On February 20, 2011, NBC introduced Hockey Day in America – patterned after the CBC's Hockey Day in Canada, it featured eight of the most popular American teams in regional games: the Washington Capitals at the Buffalo Sabres (seen in the Buffalo and Washington, D.C. markets), the Philadelphia Flyers at the New York Rangers (seen nationally), and the Detroit Red Wings at the Minnesota Wild (only seen in Detroit and Minnesota markets), followed by the Pittsburgh Penguins at the Chicago Blackhawks for the national doubleheader. The tripleheader would be completed with the 2011 Heritage Classic, for which viewers were redirected to Versus.

On April 19, 2011, after ESPN, Turner Sports and Fox Sports placed bids, NBC Sports announced it had reached a ten-year extension to its television contract with the NHL (through the 2020–21 season) worth nearly $2 billion over the tenure of the contract. The contract would cover games on both NBC and sister cable channel Versus, which became part of the NBC Sports family as the result of Versus parent Comcast's controlling purchase of NBC Universal earlier in 2011. In relation to the contract's announcement, Versus would receive a new name to reflect its synergy with NBC Sports; the channel rebranded as NBC Sports Network on January 2, 2012 (it would later be abbreviated on-air and then officially shortened to NBCSN); NHL coverage on Versus would begin to be produced identically to NBC's NHL coverage beginning in the 2011–12 season, leading up to the brand change.
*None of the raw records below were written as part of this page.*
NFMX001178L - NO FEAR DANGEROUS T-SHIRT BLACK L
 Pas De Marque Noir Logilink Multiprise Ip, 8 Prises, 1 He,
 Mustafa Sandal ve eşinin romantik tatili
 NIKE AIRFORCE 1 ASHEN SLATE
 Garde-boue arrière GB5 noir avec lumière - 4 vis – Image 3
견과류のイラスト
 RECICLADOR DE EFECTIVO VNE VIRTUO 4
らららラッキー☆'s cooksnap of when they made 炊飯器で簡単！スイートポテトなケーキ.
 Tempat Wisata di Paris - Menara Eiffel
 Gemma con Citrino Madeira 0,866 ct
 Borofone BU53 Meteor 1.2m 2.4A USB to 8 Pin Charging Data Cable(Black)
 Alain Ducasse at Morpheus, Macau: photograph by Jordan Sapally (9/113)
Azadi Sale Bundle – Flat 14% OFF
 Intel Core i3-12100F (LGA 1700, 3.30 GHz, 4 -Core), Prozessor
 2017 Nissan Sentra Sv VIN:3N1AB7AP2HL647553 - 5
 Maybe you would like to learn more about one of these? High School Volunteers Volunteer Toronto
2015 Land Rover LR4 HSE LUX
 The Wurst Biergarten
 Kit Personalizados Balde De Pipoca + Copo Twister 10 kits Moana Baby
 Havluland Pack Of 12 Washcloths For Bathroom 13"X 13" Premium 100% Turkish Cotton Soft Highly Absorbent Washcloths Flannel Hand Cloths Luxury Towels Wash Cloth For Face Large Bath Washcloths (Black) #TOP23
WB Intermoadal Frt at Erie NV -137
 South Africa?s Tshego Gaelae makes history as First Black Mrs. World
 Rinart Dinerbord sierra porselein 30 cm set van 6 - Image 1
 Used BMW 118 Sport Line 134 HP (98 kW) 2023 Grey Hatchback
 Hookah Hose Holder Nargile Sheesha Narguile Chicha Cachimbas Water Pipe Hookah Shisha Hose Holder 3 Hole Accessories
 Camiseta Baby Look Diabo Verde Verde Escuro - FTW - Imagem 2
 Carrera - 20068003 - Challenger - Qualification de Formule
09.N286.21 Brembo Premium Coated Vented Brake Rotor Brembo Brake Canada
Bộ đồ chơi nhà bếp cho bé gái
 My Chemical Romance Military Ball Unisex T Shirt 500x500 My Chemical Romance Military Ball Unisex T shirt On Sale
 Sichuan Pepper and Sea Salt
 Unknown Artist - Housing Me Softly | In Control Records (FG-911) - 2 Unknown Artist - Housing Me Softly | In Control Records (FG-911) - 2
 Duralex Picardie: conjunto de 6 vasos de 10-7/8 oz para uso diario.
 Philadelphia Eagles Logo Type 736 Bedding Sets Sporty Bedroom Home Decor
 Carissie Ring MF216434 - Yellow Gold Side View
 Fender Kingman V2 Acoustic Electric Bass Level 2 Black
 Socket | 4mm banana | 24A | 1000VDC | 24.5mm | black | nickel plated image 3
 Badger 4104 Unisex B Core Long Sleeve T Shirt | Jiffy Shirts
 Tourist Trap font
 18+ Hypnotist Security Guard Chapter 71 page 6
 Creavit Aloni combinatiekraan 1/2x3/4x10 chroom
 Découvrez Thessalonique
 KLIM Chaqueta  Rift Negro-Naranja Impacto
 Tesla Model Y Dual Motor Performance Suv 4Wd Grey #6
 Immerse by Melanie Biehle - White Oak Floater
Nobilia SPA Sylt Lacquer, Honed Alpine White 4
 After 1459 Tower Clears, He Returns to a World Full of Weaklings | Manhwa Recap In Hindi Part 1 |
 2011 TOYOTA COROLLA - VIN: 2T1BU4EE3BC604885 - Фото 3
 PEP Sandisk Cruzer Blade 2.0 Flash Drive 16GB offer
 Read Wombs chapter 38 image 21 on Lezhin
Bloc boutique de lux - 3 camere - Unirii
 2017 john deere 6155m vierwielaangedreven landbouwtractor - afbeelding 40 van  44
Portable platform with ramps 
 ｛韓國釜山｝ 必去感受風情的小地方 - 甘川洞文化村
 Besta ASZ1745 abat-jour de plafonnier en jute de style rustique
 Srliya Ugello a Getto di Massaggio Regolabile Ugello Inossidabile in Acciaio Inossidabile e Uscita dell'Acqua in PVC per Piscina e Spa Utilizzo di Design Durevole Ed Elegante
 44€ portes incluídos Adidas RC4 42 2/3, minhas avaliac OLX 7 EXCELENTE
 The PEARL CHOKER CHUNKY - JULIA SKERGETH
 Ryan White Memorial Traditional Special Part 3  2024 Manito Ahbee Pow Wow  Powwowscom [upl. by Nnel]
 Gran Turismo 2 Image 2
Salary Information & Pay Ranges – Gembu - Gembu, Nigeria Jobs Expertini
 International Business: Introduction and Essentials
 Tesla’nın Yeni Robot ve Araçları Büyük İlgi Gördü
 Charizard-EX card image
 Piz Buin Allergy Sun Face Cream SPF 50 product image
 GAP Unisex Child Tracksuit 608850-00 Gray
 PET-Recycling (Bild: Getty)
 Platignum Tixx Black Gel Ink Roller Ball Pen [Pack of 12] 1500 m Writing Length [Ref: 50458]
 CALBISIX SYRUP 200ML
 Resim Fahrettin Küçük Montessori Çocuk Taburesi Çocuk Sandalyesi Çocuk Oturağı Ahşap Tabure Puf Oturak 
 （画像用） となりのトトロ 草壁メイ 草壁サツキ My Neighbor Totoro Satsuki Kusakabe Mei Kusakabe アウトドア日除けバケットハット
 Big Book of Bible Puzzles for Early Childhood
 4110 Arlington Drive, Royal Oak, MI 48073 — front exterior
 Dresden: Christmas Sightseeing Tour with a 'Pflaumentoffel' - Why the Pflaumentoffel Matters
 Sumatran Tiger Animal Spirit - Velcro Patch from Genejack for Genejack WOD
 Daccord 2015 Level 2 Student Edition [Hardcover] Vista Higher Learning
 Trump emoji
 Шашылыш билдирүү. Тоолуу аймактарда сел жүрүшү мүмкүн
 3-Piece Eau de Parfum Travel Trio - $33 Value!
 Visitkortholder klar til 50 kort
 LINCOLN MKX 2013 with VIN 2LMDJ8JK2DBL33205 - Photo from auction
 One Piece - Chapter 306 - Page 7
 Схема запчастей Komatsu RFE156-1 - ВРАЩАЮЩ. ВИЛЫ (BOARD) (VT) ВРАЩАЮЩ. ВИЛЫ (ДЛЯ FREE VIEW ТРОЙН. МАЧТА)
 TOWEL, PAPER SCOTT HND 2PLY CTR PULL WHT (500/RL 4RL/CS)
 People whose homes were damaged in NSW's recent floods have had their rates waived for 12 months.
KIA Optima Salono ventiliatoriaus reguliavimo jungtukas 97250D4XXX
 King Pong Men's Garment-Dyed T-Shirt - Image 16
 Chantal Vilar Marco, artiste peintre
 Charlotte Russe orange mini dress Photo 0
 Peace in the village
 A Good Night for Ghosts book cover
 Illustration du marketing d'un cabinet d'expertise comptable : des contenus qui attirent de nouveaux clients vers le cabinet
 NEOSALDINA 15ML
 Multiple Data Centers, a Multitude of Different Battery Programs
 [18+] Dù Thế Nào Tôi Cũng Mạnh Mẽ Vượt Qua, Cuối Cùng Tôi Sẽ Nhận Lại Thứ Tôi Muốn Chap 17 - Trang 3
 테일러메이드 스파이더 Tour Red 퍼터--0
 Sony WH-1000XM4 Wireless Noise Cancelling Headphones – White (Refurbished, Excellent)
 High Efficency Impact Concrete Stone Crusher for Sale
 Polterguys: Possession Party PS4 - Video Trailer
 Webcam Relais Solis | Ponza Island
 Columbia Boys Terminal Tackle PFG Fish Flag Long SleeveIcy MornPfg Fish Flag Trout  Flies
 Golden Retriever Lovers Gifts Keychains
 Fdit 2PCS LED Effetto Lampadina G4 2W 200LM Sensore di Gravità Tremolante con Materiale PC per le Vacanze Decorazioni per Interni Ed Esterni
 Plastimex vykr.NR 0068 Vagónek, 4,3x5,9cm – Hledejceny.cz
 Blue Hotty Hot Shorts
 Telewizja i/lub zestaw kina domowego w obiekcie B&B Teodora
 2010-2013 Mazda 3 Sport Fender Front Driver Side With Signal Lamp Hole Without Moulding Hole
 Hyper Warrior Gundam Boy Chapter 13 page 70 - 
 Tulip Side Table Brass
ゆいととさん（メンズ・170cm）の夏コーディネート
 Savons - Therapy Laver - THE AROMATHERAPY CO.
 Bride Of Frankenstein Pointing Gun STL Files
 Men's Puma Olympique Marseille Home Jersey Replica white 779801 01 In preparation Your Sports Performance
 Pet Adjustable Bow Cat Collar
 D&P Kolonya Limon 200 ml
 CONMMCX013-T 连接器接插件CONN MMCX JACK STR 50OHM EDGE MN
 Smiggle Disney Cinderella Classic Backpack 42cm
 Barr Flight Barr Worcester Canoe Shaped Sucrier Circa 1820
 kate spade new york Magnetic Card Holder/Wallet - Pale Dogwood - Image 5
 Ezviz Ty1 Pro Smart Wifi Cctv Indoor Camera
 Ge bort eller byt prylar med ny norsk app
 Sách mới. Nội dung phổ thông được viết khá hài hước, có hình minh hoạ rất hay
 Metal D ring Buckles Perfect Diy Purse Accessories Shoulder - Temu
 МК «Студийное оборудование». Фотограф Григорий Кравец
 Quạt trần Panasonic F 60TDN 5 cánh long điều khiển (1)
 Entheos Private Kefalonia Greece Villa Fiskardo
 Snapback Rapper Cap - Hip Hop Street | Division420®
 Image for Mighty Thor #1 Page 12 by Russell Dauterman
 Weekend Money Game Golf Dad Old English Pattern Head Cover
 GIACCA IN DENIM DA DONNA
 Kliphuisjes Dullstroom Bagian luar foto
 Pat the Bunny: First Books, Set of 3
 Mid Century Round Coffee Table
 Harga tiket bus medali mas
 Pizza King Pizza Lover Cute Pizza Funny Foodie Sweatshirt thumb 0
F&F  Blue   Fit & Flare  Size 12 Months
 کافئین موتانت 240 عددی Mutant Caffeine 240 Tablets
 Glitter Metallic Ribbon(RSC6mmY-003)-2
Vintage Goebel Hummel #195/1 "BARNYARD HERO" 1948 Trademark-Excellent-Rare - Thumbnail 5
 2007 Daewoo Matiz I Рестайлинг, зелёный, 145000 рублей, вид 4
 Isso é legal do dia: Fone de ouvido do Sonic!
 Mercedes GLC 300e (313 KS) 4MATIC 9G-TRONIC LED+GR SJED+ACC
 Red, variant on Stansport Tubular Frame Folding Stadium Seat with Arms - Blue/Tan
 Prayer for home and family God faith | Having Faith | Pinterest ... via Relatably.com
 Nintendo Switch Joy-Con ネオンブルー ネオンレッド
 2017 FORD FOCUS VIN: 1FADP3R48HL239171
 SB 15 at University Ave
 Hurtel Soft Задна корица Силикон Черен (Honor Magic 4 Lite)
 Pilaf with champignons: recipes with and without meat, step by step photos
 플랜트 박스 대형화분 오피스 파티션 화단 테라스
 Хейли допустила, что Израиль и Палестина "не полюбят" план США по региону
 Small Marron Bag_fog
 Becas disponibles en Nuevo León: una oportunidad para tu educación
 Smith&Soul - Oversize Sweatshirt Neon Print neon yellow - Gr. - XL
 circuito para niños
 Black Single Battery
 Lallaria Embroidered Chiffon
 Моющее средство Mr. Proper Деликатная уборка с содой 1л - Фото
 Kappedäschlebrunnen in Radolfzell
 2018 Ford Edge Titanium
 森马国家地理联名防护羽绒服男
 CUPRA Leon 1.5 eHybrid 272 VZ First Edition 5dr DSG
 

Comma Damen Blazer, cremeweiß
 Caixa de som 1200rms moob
The terms of the deal included:
- A rights fee of roughly US$200 million per year for the combined cable and broadcast rights, nearly triple that of the previous contract;
- Increased weekly regular season coverage on Versus/NBCSN (as many as 90 games per season on Monday, Tuesday and Wednesday nights), with Sunday night games also being added by the channel later in the season.
- Rights to an annual "Thanksgiving Showdown" game airing on NBC the day after Thanksgiving ("Black Friday" afternoon) (the 2012 edition was cancelled due to the 2012–13 NHL lockout). The November broadcast is the earliest an NHL regular season game has aired on a broadcast television network in the U.S. since the 1950s, when the league still only had six teams. The 2013 "Thanksgiving Showdown" game featured the Boston Bruins hosting the New York Rangers; it was widely expected that Boston will remain the home team in future years and launch a holiday tradition for the league and network (Boston has hosted matinee games the day after Thanksgiving since the 1980s), much like Detroit and Dallas traditionally host National Football League games on Thanksgiving Day; however, NBC decided to end this tradition for the 2014–15 season, with a Black Friday matinee between the Philadelphia Flyers and New York Rangers being aired instead, while Boston held a locally televised game on the evening of Black Friday in 2014. Boston resumed hosting the game in 2015, with a second Black Friday game (Chicago at Anaheim) airing later in the afternoon on NBCSN.
- Continued coverage on NBC of the NHL Winter Classic, to be played on New Year's Day unless that day lands on a Sunday, in which case the game is moved to January 2 (despite the open time slot on Sunday afternoons, NBC is effectively forbidden via a gentleman's agreement with the NFL which prevents any form of strong counterprogramming against NFL games televised on CBS and Fox). Initially the Classic was expected to be played in primetime, however to date every game has been scheduled for a 1 pm ET start, and due to new competition from the College Football Playoff the game is now expected to remain a daytime game for the foreseeable future. NBC has instead opted to air one prime time game each year, later in the season, since 2014.
- A national "Game of the Week" continuing on NBC as in previous years, beginning each January (January is the start month due to NBC's contract with the NFL).
- Hockey Day in America becoming a permanent annual part of the NBC schedule.
- Rights to any future Heritage Classics, which would be aired on NBCSN.
- Digital rights across all platforms for any games broadcast by NBC or NBCSN.
- Increased coverage of Stanley Cup Playoff games, with all playoff games airing nationally on NBC, NBCSN, CNBC, USA, and NHL Network. (even Golf Channel have also been used for Stanley Cup playoff games.) Local sports networks can carry their teams' first-round games, but any games on NBC, and any NBC cable games from the second round onward, will be exclusive to NBC.
- Continued sharing of the Stanley Cup Final on NBC (which will air games one, two, and all "if needed" games) and NBCSN (games three and four). The deal gives NBC the option of moving games three and four to the broadcast network. During the 2013 Stanley Cup Final, NBC aired games one, four, five, six and seven while NBCSN aired games two and three.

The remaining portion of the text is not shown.